→ **Assignment**: The lines from the top of the material through the line with "Howard Johnson Marina" are to be set down exactly. Leave the pictures out.

→ **Raw data**:
-*-*-

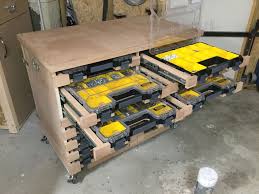 Meuble Servante D Atelier Permettant Le Rangement De 16 Mallettes De Quincaillerie Stanley Le Tout Sur Coulisses De L Autre Cote 2 P Rilou Kit M Pinte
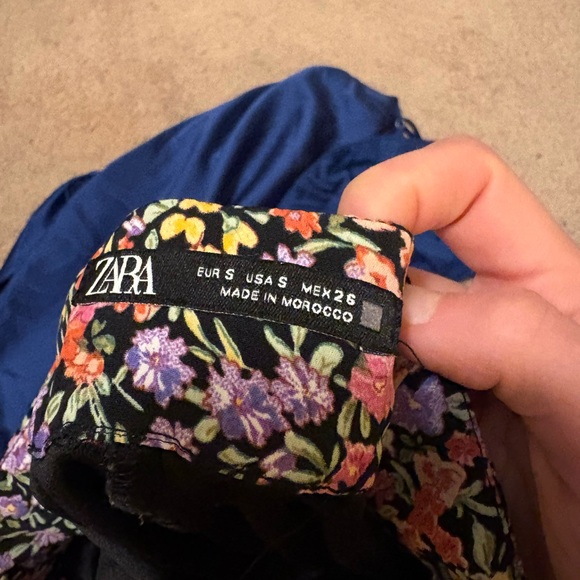 Zara Floral Patterned Black High Waisted Ruffle Skirt - Picture 3 of 3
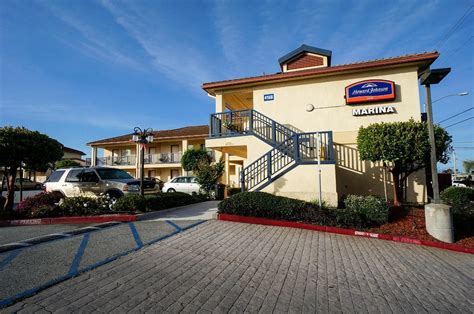 Howard Johnson Marina at Monterey Bay Hotel Reviews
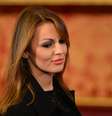 <p>Francesca Pascale, 27 anos, vai se casar com o ex-primeiro-ministro italiano, Silvio Berlusconi, 76 anos</p>  Foto: AFP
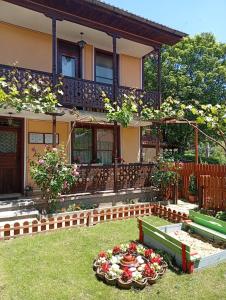 a house with a garden in the front yard at Guest Rooms Dona in Koprivshtitsa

-*-*-

→ **Output for this task**:
 Meuble Servante D Atelier Permettant Le Rangement De 16 Mallettes De Quincaillerie Stanley Le Tout Sur Coulisses De L Autre Cote 2 P Rilou Kit M Pinte
 Zara Floral Patterned Black High Waisted Ruffle Skirt - Picture 3 of 3
 Howard Johnson Marina at Monterey Bay Hotel Reviews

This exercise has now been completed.